It is also reasonable to set a read timeout so that if the remote server goes away, the connection would be dropped. You don't want a user of something like wget to stare at the console for hours just because the remote host suddenly went away, the sane thing to do is to fail and let them retry. HTTP long-polling is not very common these days, and if you're doing that you'll know to increase a connection timeout anyway.

Adam Reichold · Answer 18 · Thu Jan 09 2020 05:59:21 GMT+0800 (China Standard Time)

To wit: the latest release of reqwest deadlocks 6% of the time on a basic smoke test, while actix is still unsound and the maintainers refuse to fix it.
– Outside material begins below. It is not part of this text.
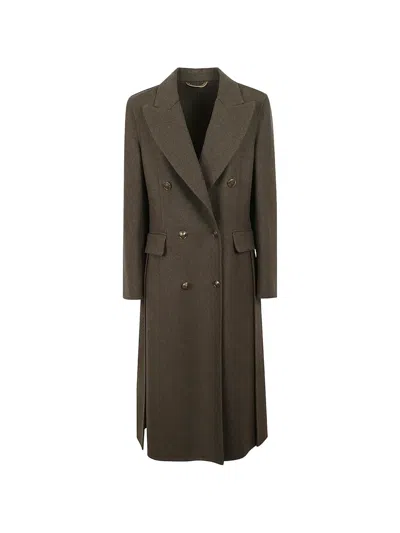 Ermanno Scervino Double-breasted Peak-lapel Coat In Brown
And until the last release this crate panicked on decoding UTF-8 text which might not be memory corruption but is definitely a denial of service issue.

So there is absolutely a market for a feature-rich HTTP client library with synchronous I/O and little unsafe code.

But why does that statement imply that this crate needs to stop being what it is and drop its design rationale on the floor. Why not fork this into exahttpc to do that?

Sergey "Shnatsel" Davidoff · Answer 19 · Thu Jan 09 2020 06:40:45 GMT+0800 (China Standard Time)

And until the last release this crate panicked on decoding UTF-8 text which might not be memory corruption but is definitely a denial of service issue.

Fortunately panics are quite easy to plan for - you can catch and handle them, unlike deadlocks. They are also fairly trivial to debug, unlike deadlocks. And panics are basically the worst thing you can expect out of safe Rust without async I/O, save for a panic-while-panicking that will abort the process.

But why does that statement imply that this crate needs to stop being what it is and drop its design rationale on the floor.

Not necessarily. I just wanted to demonstrate that there are many common use cases that are currently not served well by any existing Rust HTTP client. And it looked like some of them could be served by attohttpc if it supported request timeouts, so I've opened this issue.

If you choose not to support these use cases, that's a valid design decision and I will respect it. But it would be a kind of a shame, because those use cases will remain without any library to serve them.